§ **Data shown**:
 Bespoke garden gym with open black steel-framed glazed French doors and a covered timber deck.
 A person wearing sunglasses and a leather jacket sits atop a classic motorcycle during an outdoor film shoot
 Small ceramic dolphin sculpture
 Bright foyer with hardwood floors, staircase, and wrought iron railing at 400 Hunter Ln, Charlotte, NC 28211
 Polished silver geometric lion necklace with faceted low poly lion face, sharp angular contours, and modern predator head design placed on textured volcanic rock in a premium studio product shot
---
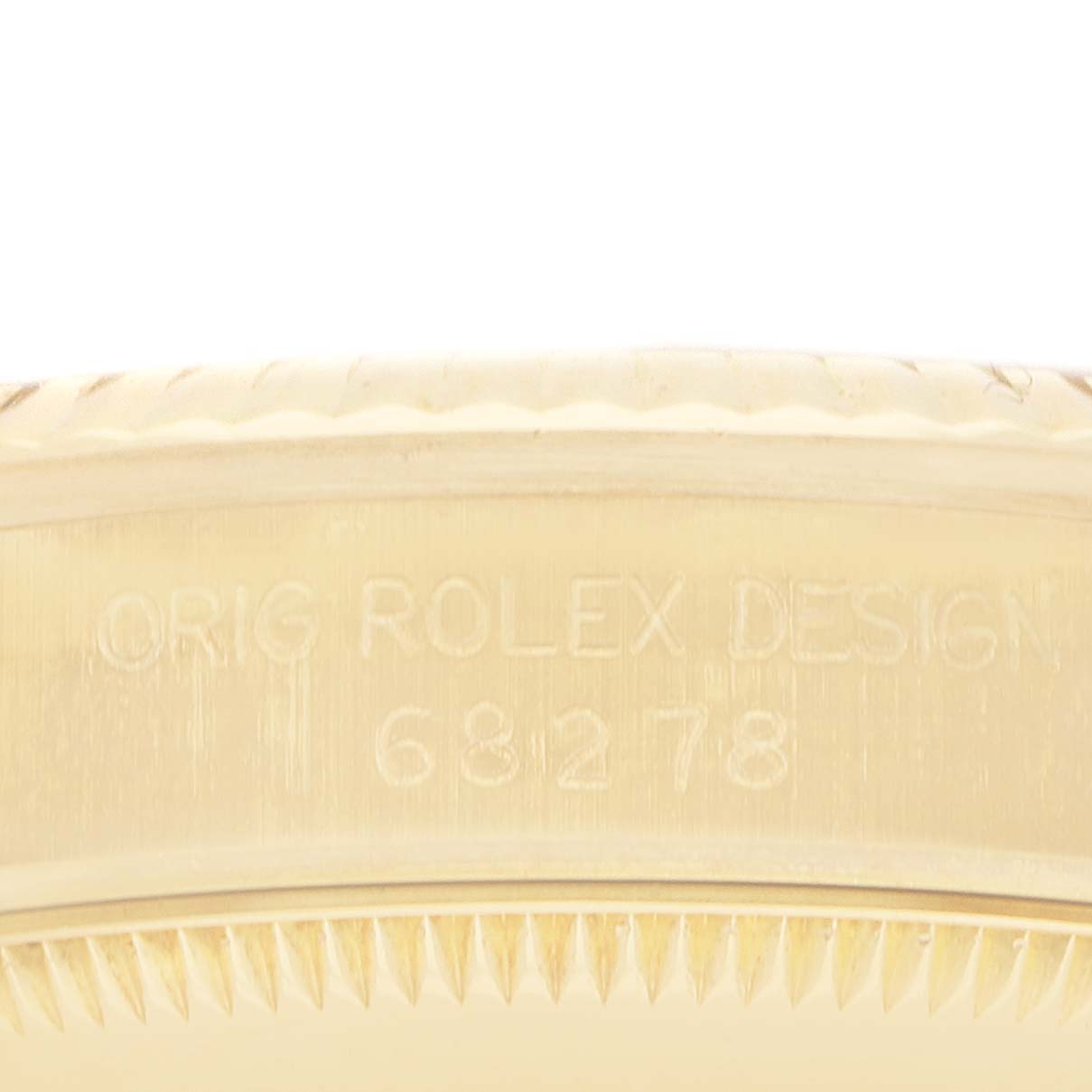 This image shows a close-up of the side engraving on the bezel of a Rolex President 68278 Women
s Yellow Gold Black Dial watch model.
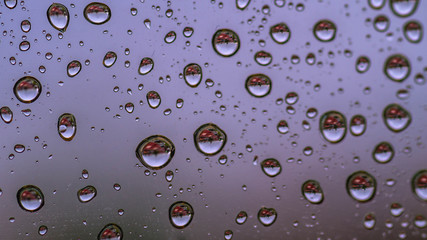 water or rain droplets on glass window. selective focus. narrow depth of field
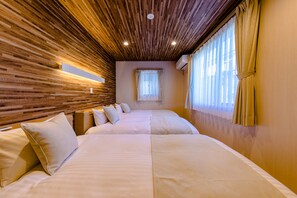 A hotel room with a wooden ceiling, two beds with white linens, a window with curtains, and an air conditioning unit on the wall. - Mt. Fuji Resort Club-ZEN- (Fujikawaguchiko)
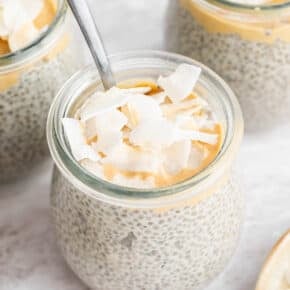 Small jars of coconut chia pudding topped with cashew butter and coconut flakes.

§ **Task brief**:
Look above for the line with "A hotel room" and the line with "Small jars of". Give again exactly those two lines and all lines between them, pictures excluded.

§ **Result of the task**:
 A hotel room with a wooden ceiling, two beds with white linens, a window with curtains, and an air conditioning unit on the wall. - Mt. Fuji Resort Club-ZEN- (Fujikawaguchiko)
 Small jars of coconut chia pudding topped with cashew butter and coconut flakes.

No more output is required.